A pattern is emerging. American craft beer and American beer in general is going through a lot of changes. The big beer companies are scared so they do what the overly rich do when they see a threat, the purchase and/or coopt it. At the state level, most states still have Prohibition era or post-Prohibition alcohol laws that seek to keep people from drinking alcohol instead of making sure people are able to enjoy alcohol legally and safely.
- The thing is I agree with most of this editorial from the UC San Diego student newspaper. However, it still has the wonderful idealism and pretension that only college students can honestly muster. If any adult beer writer I read ever used the words “Avant-garde beer movement” in a serious way, I would laugh at him/her for the rest of time.
- The first editorial in this listing is another attack on the crappy way Georgia enacted its current beer laws. I know I have beaten this horse into the ground the way David Letterman used to beat jokes into the ground (mix metaphors much), but this story is so illustrative to me about how beer and alcohol laws are written in this country. Distributors have more power than anyone outside the state legislatures know and it hurts craft brewers and consumers.
- So distributors in Pennsylvania are angry that the state of Pennsylvania wants to expand the places you can distribute beer. This is yet another case of laws written in a way to limit people’s ability to get alcohol and enjoy it responsibly. This particular incidence has more to do with power then alcohol.
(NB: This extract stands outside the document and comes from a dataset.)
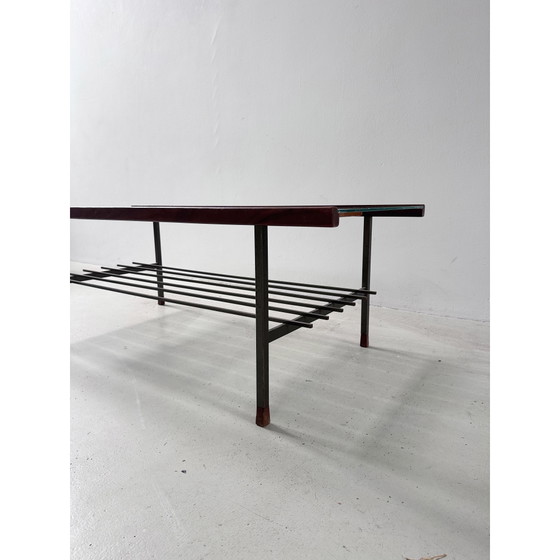 60’ Salontafel In Staal, Hout & Glas – Metal (photo 5 of 15)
- The last two links are to the same story out of Oklahoma. Here and here are articles about proposed state alcohol laws that will expand alcohol sales to grocery and convenience stores. I understand the Oklahoma Retail Liquor Association coming out against the bill. They are trying to protect their constituents. However, the temerity, the unmitigated brass coconut sized balls it takes for AB to even suggest they would pull out of the state of Oklahoma if this law passes is laughable.